Home #Hwoodtimes Ahmad Bahrami’s WASTELAND: A Failing Mudbrick Factory as a Metaphor for Iran

Ahmad Bahrami’s WASTELAND: A Failing Mudbrick Factory as a Metaphor for Iran

By Jim Gilles

On this second weekend of the 2022 UCLA Celebration of Iranian Cinema at the UCLA Hammer Museum/Billy Wilder Theatre are a number of interesting recent films from Iran.
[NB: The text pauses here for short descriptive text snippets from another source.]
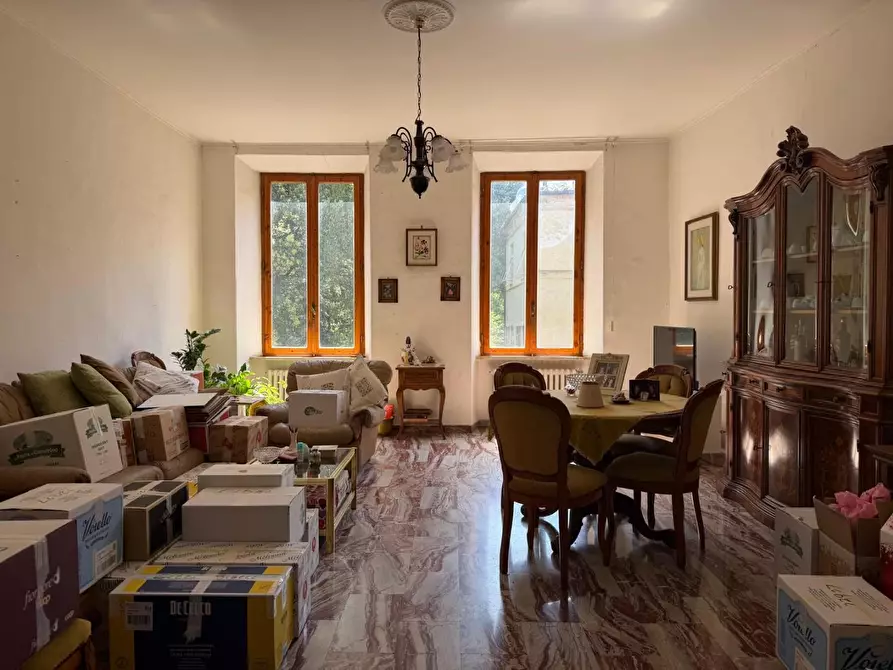 Immagine 2 di Appartamento in vendita  a Siena
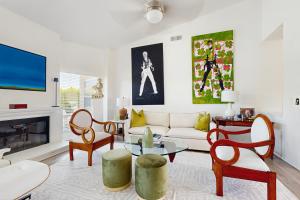 Loufies Desert Retreat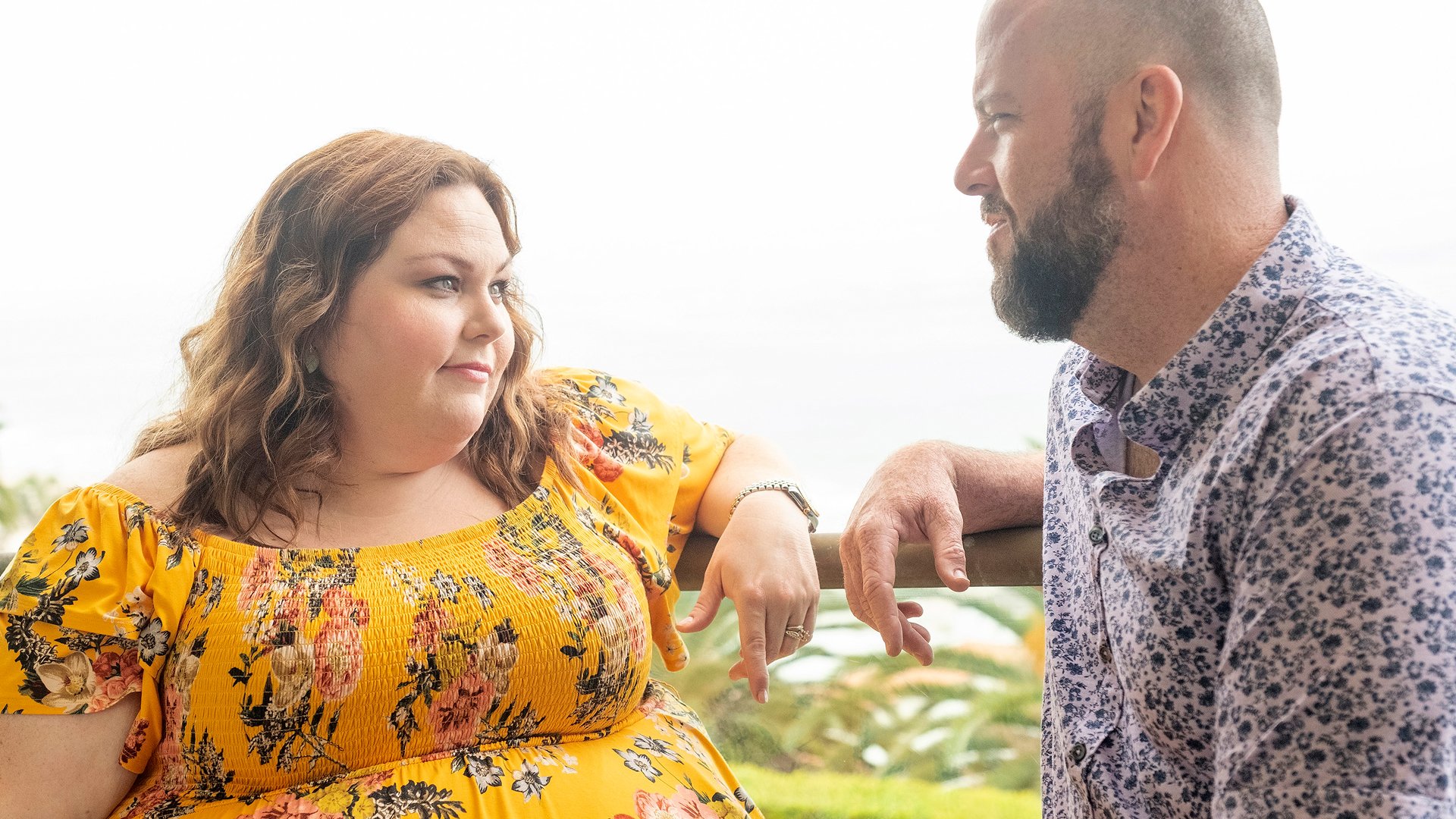 Chrissy Metz as Kate and Chris Sullivan as Toby talking in ‘This Is Us’ Season 5 Episode 16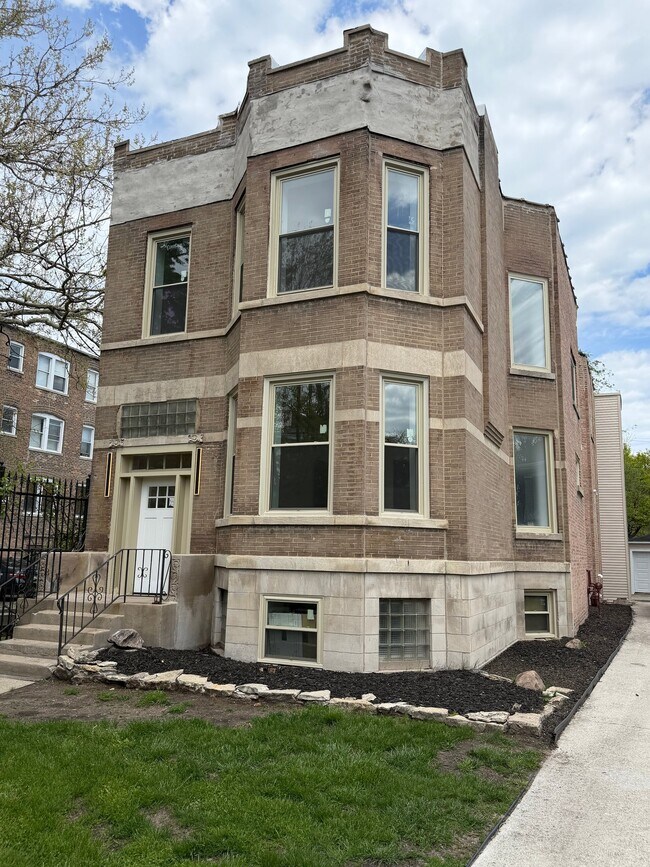 Foto del edificio - 7535 S Coles Ave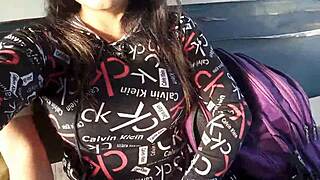 बस से यात्रा कर रहा था, एक अजनबी ने मेरी गंद थामी। मैं गंदा हो गया और हम ग्रामीण इलाके में वाइल्ड हो गए।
Ahmad Bahrami, director of award-winning Wasteland at Venice Film Festival

On Friday May 6 was a screening of Wasteland (2020), the second feature of Ahmad Bahrami that won the FIPRESCI Prize at the 2020 Venice Film Festival and considerable critical acclaim at a number of international film festivals. Wasteland is a film of stark elegance with stunning monochrome cinematography by Masud Amini Tirani. The story takes place in a remote mudbrick factory on the verge of shutdown in a dusty corner of northwest Iran, where the huge kiln tower looms over the setting like a Muslim minaret. A metaphor for modern Iran, Wasteland echoes Mohsen Makhmalbaf and Abbas Kiarostami in its chiaroscuro grace and artful framing. The storyline is spare in a haunting slow-burn that leads to a coruscating conclusion. The influence of Hungarian film auteur Belá Tarr is apparent in so many ways that one cannot help but recall the foreboding sense of doom in Tarr’s The Turin Horse (2011). Ahmad Bahrami, born in 1972 in Shahriar, Iran, previously directed Panah (2017) and is known as an actor in Subjection (2019).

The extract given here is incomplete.